Des trésors du patrimoine présents à chaque coin de rues…
Mais qui dit Estaing dit aussi le fameux pèlerinage de Compostelle. Une balade dans le village pousse tous les curieux à découvrir l’église qui abrite les reliques de Saint-Fleuret. Construite au XVe siècle, elle est classée monument historique, tout comme la croix en pierre sculptée qui se trouve sur son parvis et qui rappelle que nous sommes sur les chemins de Saint-Jacques-de-Compostelle. Chaque année, la Procession de la Saint-Fleuret prend place le premier dimanche de juillet : une procession costumée, à la fois reconstitution historique et acte religieux, qui défile dans les rues du village pour glorifier Saint-Fleuret. Si le Moyen-Âge est parfaitement retranscrit à Estaing, on peut en dire autant de la Renaissance, parfaitement représentée par le Collège.

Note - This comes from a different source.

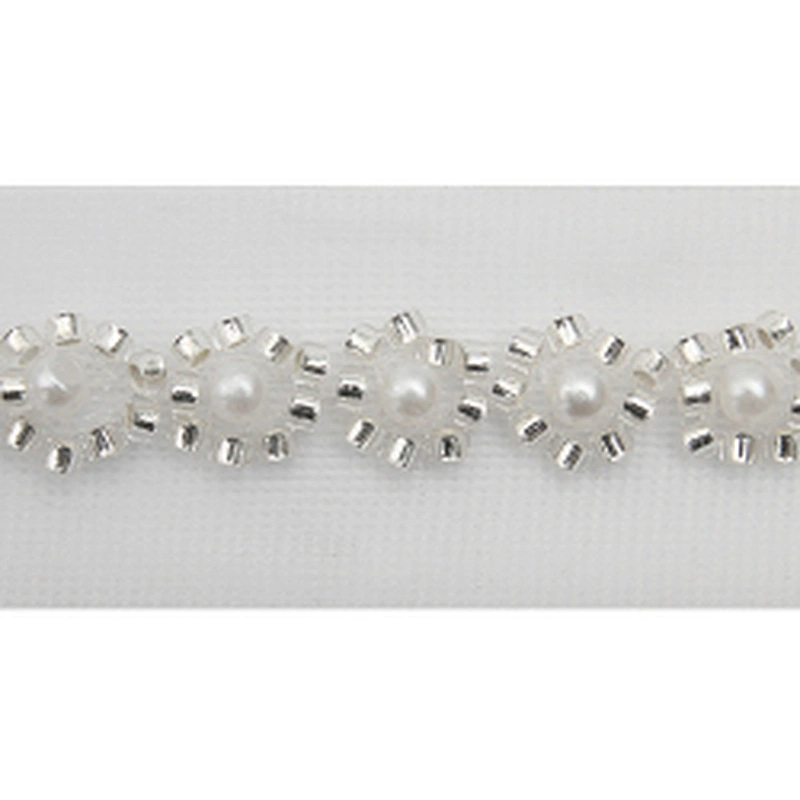 Wholesale Embroidery beaded lace trim 2.6 cm Mesh fabric lace trims beautiful White Accessories for dress 3D wedding Designer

Construit dans les années 1520-1530 pour accueillir les six prêtres de la fraternité St Jean de l’Ouradou, il arbore de nombreux détails sobres mais de caractère, comme sa porte d’accès en bois clouté et au verrou en fer forgé, l’écusson aux armes d’Estaing ou encore une étonnante passerelle à balustres de pierres à découvrir dans la rue du Collège. Enfin, autre symbole du village, l’imposant pont gothique, classé depuis 1998 au patrimoine mondial de l’humanité de l’UNESCO au titre des chemins de St Jacques de Compostelle. Il fut achevé au début du XVIème siècle sous l’impulsion de François d’Estaing dont la statue trône au milieu du pont, face à la célèbre croix reproduite en bijouterie par le joaillier Henri Lesieur. Une belle manière d’accueillir curieux et pèlerins dans un cadre digne des décors de film les plus époustouflants, pour une virée qui promet d’en mettre plein la vue.